Frost finds himself compelled, as if his body was controlled by superior forces, to gather all the flammables in the lab and immolate himself.

Lord Feverstone, ever the opportunist, manages to slip out of the banquet before everything goes pear-shaped; but when he heads towards Edgestow, he finds an exodus of people leaving it. He presses onward, and so is swallowed up by the unexpected earthquake which destroys the town.

As it happens, very few people die in the destruction of Edgestow. Many had already been displaced. Many more providentially left town for seemingly coincidental reasons. But in any case, the only people left in Edgestow when it was destroyed were the Very Good, who were ready for Heaven anyway, and the Very Bad, who were getting what they deserved. George Orwell disliked this eldila ex machina ending, feeling that it detracted from a perfectly good cautionary dystopia; but Lewis re-wrote Paradise Lost so that the Snake loses; he’s not about to end the novel with a boot on humanity’s face forever.

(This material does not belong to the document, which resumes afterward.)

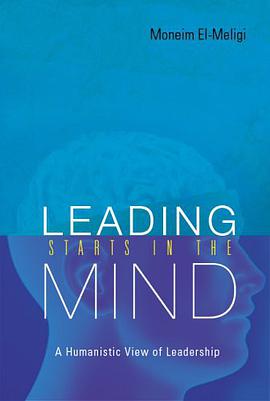 Leading Starts in the Mind pdf epub mobi 电子书 下载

The next morning, many of the animals freed from the N.I.C.E. turn up at St. Anne’s. Mr. Bultitude returns, in the company of a friendly she-bear. Many of the other animals also have arrived two-by-two and celebrate their new freedom under the blessing and sanction of the goddess Venus. “This is becoming indecent,” MacPhee complains as the elephants begin copulating in the garden. “On the contrary,” Ransom replies, “decent in the old sense, decens, fitting is just what it is.”

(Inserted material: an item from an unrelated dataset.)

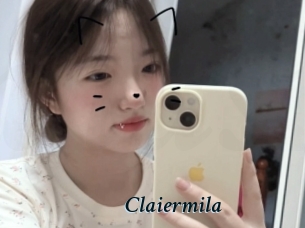 Claiermila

Lord Byron once said that every tragedy is ended with a death, and every comedy with a marriage. This comedy ends with couples united. Ivy is reunited with her husband. And then there’s Jane.

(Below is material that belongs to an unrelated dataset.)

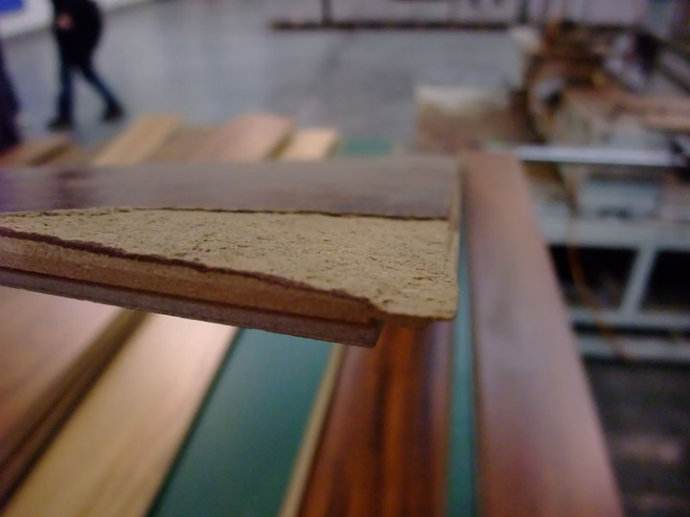 无印良品家具假实木,胡桃木胶合板真假辨别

The Director is bidding all his friends good-bye. Ransom’s task here is finished. He is ready to go. Like Frodo, he has suffered wounds which cannot be healed in this world; but the eldila are going to come and take him to Perelandra, where he will wait with Arthur and a handful of others until the End of Days.
Jane would like to stay with the Director until he leaves, but Ransom tells her that she is being waited for. “Your husband is waiting for you in the Lodge. It was your own marriage chamber that you prepared. Should you not go to him?”

Since Ransom requests it, she accedes to his will. “But – but – am I a bear or a hedgehog?” Is she just another female to be paired off at the end?

“More. But not less,” Ransom says. “You will have no more dreams. Have children instead.”

Mark too has escaped the chaos at Belbury. Merlin also found him and gave him a letter from his one-time friend Dennison, telling him that his wife was waiting for him at St. Anne’s-on-the-Hill.

When he was a prisoner at Belbury, he flattered himself in thinking himself heroically resisting the N.I.C.E. He doesn't feel so heroic now, and can only think of how badly he’s treated Jane and how unworthy he is of her. What he’s feeling is the flip side of Paul’s admonition for wives to obey their husbands; the husbands need to strive to be deserving of that deference. As he approaches the small cottage on the manor property he encounters a gigantic woman in a flame-colored robe with a beautiful but sternly enigmatic face who opens the door for him and wordlessly commands him to enter.

Jane does not see the goddess this time. But she sees through the window that Mark has left his shirt lying draped over a chair. How like the man. She goes in to him.

And do Mark and Jane really reunite and re-establish their relationship? Lord Byron would say yes. And so would every Happily Ever After. But for all his theoretical musings on the proper relation between the sexes, C.S. Lewis never shows the two actually together and trying to make things work.


So maybe it’s best to leave it as a Happy Ending. Jack has his Jill, and the Forces of Darkness have for a time been forestalled. The darkness will gather again, but for the time being Venus presides over St. Anne’s and elephants are dancing in the rose garden.